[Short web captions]
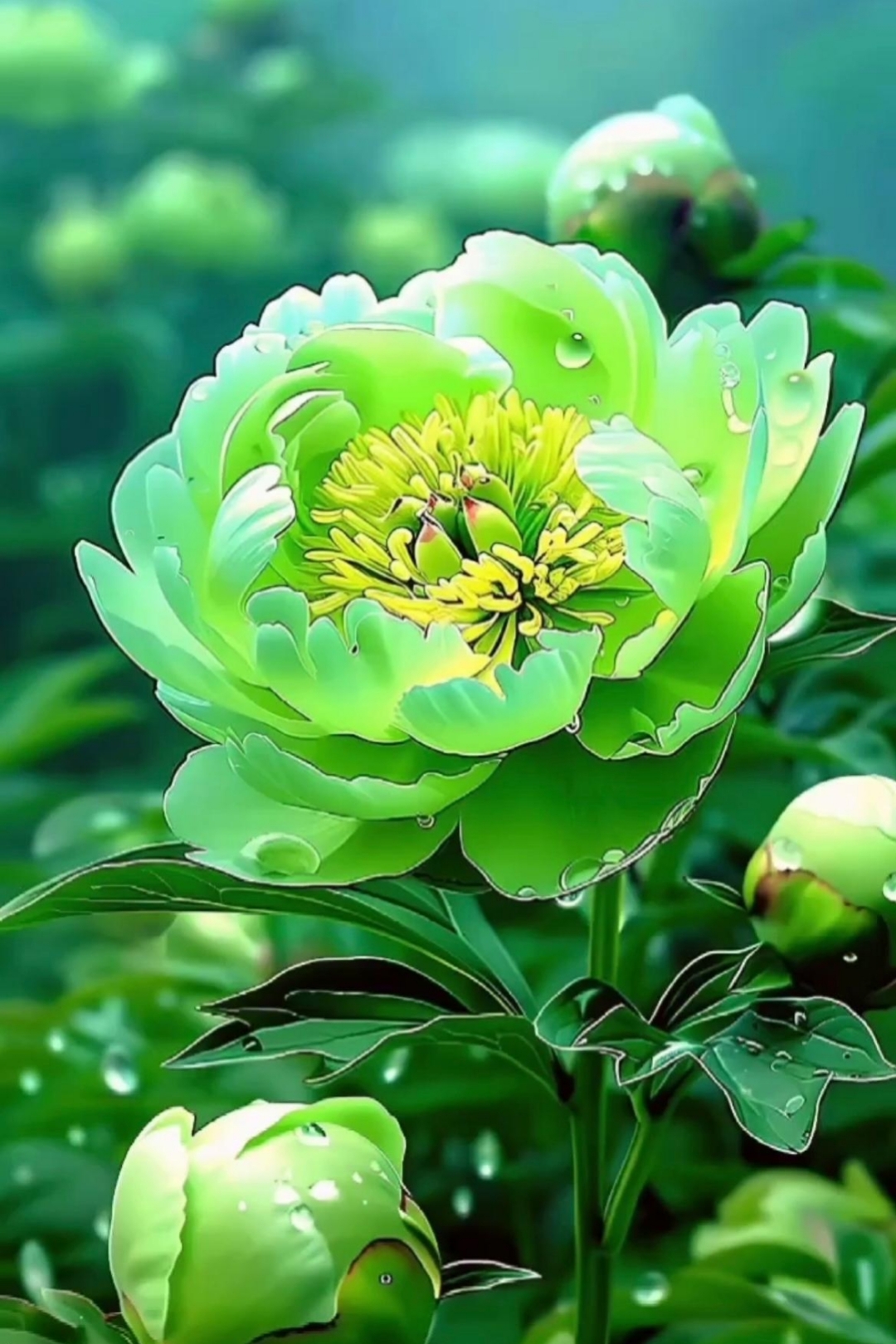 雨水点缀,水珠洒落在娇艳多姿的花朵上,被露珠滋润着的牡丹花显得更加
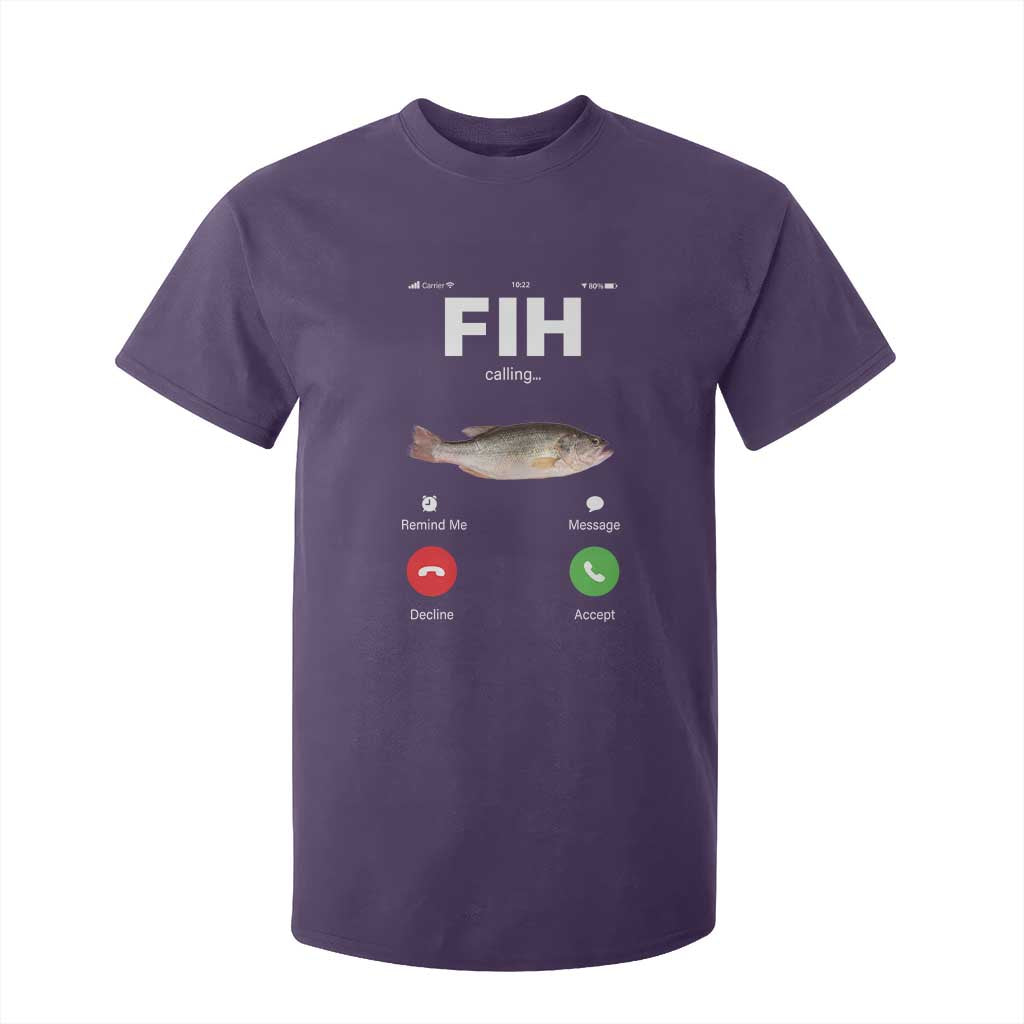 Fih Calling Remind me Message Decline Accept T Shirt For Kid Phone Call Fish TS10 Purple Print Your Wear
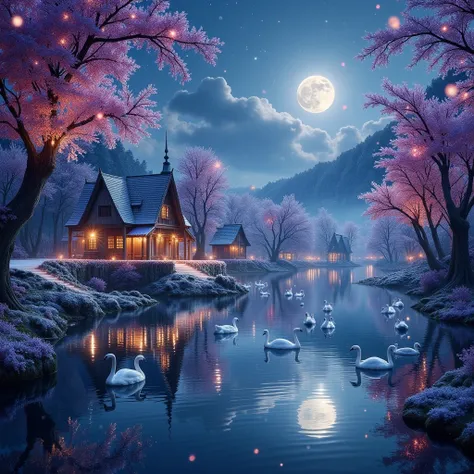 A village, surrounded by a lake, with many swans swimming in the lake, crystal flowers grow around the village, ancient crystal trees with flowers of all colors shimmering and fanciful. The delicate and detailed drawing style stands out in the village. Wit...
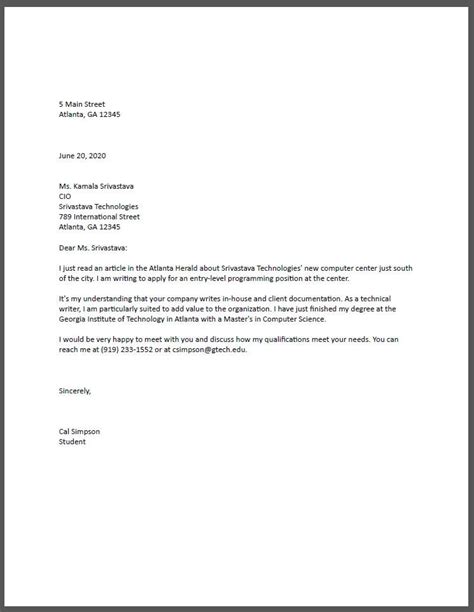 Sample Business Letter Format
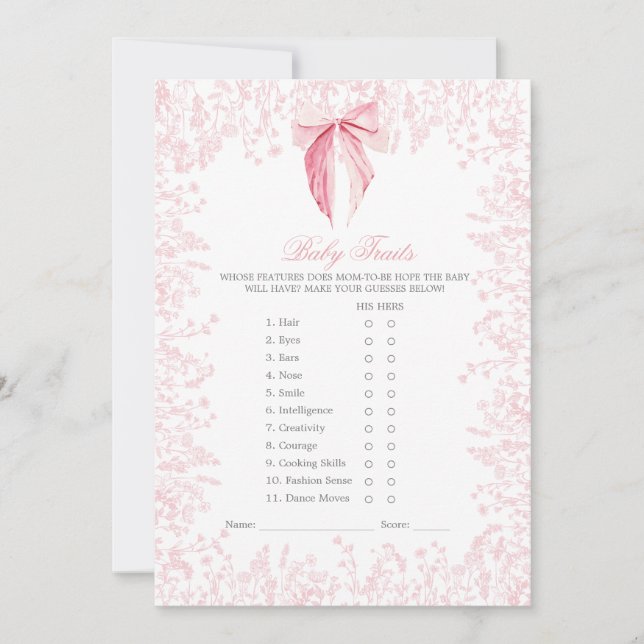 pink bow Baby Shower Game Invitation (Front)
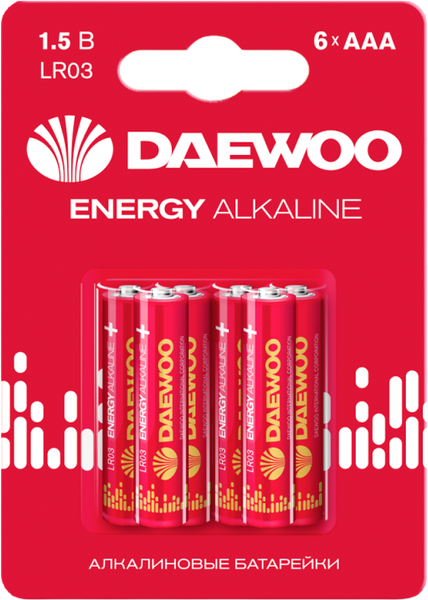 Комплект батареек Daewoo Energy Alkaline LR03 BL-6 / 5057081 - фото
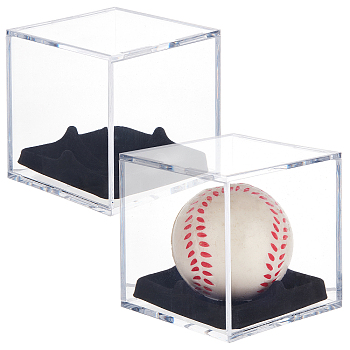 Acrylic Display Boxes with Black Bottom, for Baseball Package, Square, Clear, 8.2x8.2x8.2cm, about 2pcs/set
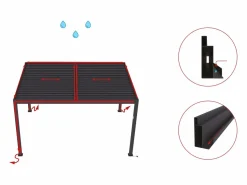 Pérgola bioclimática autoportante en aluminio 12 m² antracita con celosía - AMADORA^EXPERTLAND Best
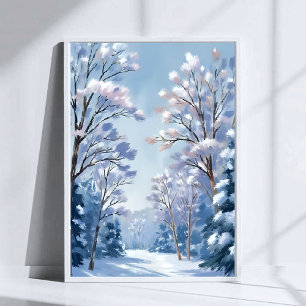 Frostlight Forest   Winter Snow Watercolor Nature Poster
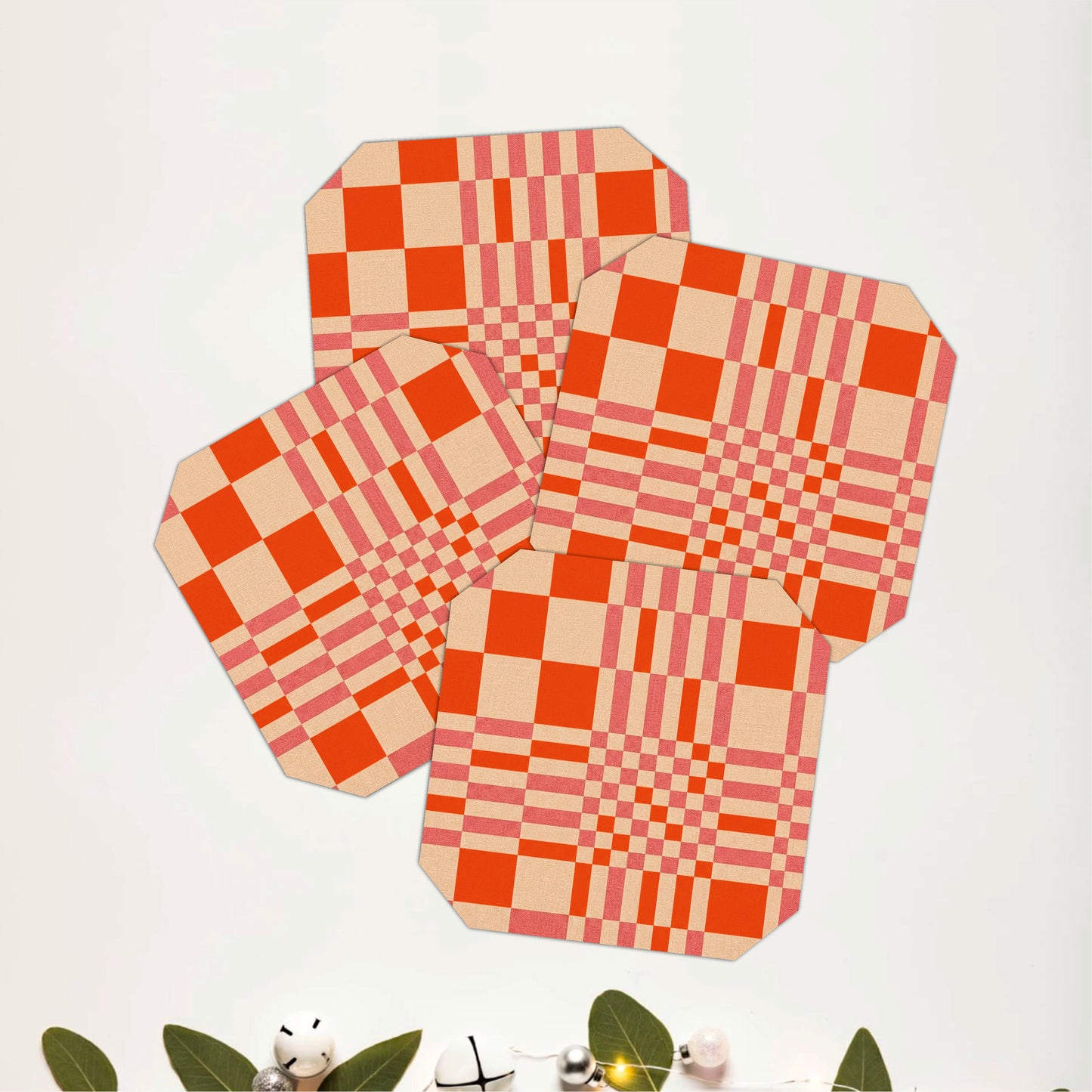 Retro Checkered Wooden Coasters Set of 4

_YOUR INSTRUCTIONS_
Each line from the first line of the entries through the line containing "pink bow Baby Shower Game Invitation (Front)" should be duplicated word for word, and nothing more; the pictures stay out.

_ANSWER_
 雨水点缀,水珠洒落在娇艳多姿的花朵上,被露珠滋润着的牡丹花显得更加
 Fih Calling Remind me Message Decline Accept T Shirt For Kid Phone Call Fish TS10 Purple Print Your Wear
 A village, surrounded by a lake, with many swans swimming in the lake, crystal flowers grow around the village, ancient crystal trees with flowers of all colors shimmering and fanciful. The delicate and detailed drawing style stands out in the village. Wit...
 Sample Business Letter Format
 pink bow Baby Shower Game Invitation (Front)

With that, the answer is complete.